What happens if the amendment should be rejected? The state would have a serious problem. Last fall, faced with a terrible crisis in the General Fund caused by the franchise tax ruling, the legislature came up with a complex package to resolve the problem.

To comply with the U. S. Supreme Court's ruling, the franchise tax on in-state and out-of-state companies was equalized, but this alone did not make up the deficit.

The various trade associations agreed on a shares tax as a stop-gap remedy, with the understanding that it would be repealed when the corporate income tax was increased from 5 to 6 1/2 per cent.

That is what will be on the ballot next week-a hike in the corporate income tax coupled with a repeal of the shares tax, which all sides agree is very discriminatory to certain businesses.

If the voters whould reject the amendment on March 21 those businesses who agreed to this temporary shares tax will be prepared to declare World War III. They agreed to this tax for one year, but no longer.

The bottom line: Should the amendment be rejected then it will be back to the drawing board to find a plan to keep the General Fund solvent.

Hence the very quiet campaign in support of the amendment. Those who favor the proposal are whispering encouragement to their people to vote "yes" and they hope nobody else shows up.

If Gov. Siegelman should propose a bill to prohibit his remarks and conversations from being tape-recorded, you could hardly blame him.

Some weeks ago a taped telephone call relating to a judicial pay raise had the governor running for cover.

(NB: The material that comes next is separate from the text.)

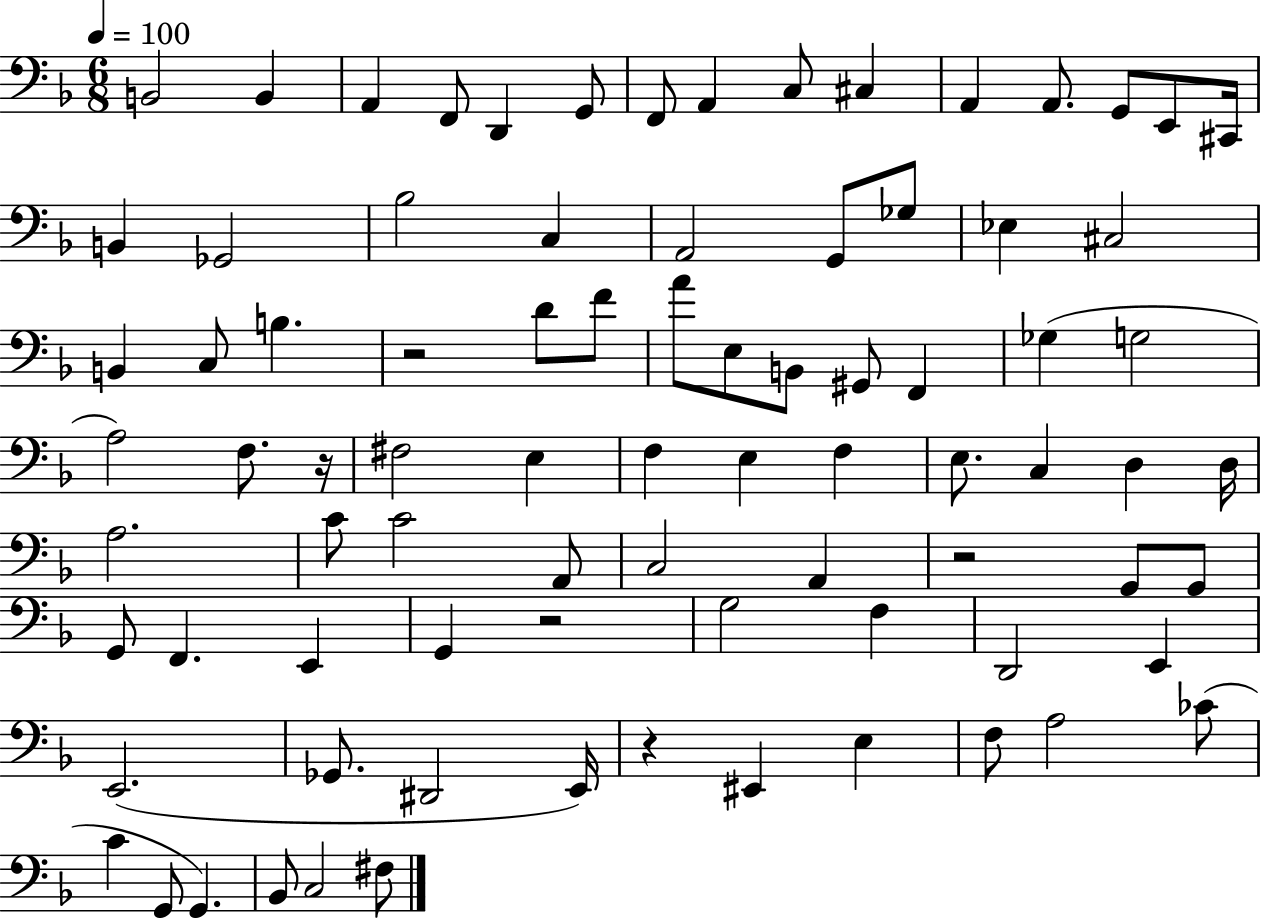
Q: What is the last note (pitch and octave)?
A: F#3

Now comes a strikingly similar incident.

The names and places in this story will remain anonymous to protect the innocent, as that old line goes.

Earlier this year the governor visited a county and promised to allocate a substantial sum of money for a road project. Everybody cheered.

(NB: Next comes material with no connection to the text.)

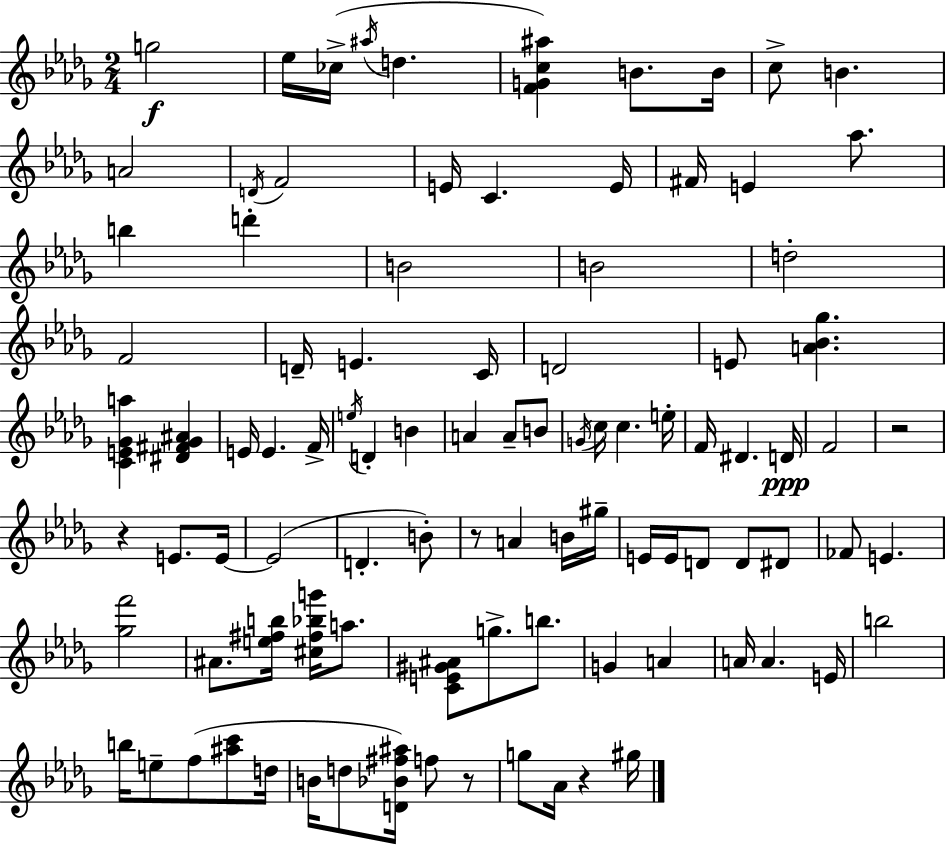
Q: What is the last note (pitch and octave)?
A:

However, a few weeks ago the legislator from that district irked the governor by blocking one of his pet bills. Shortly thereafter the lawmaker was notified that the promised road project had been cancelled.

The lawmaker responded graciously, but then added that they had taped the remarks made by the governor promising the money.

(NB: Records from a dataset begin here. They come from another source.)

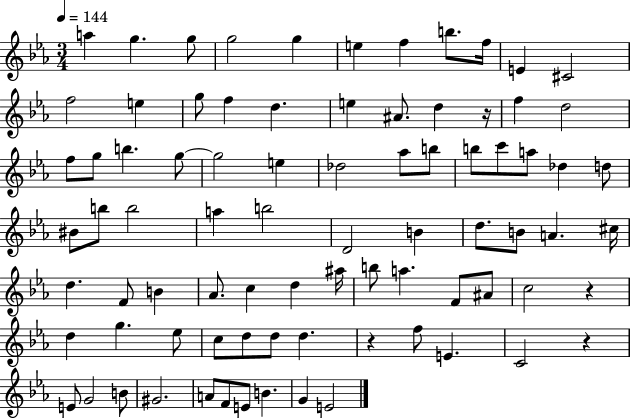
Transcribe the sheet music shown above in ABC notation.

X:1
T:Untitled
M:3/4
L:1/4
K:Eb
a g g/2 g2 g e f b/2 f/4 E ^C2 f2 e g/2 f d e ^A/2 d z/4 f d2 f/2 g/2 b g/2 g2 e _d2 _a/2 b/2 b/2 c'/2 a/2 _d d/2 ^B/2 b/2 b2 a b2 D2 B d/2 B/2 A ^c/4 d F/2 B _A/2 c d ^a/4 b/2 a F/2 ^A/2 c2 z d g _e/2 c/2 d/2 d/2 d z f/2 E C2 z E/2 G2 B/2 ^G2 A/2 F/2 E/2 B G E2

The lawmaker said they planned to call a meeting of their constituents, serve popcorn and Cokes, and play the recorded promises on which the governor had reneged. Shortly thereafter the lawmaker was notified that the money was available for the project.

What Gov. Siegelman did in this instance is hardly new. Governors for years have used road and bridge projects to persuade legislators to vote right.

Comes to mind what Gov. Big Jim Folsom told a legislator who had voted the wrong way on one of the governor's bills: "That big splash you just heard was the bridge I promised you collapsing into the Alabama River."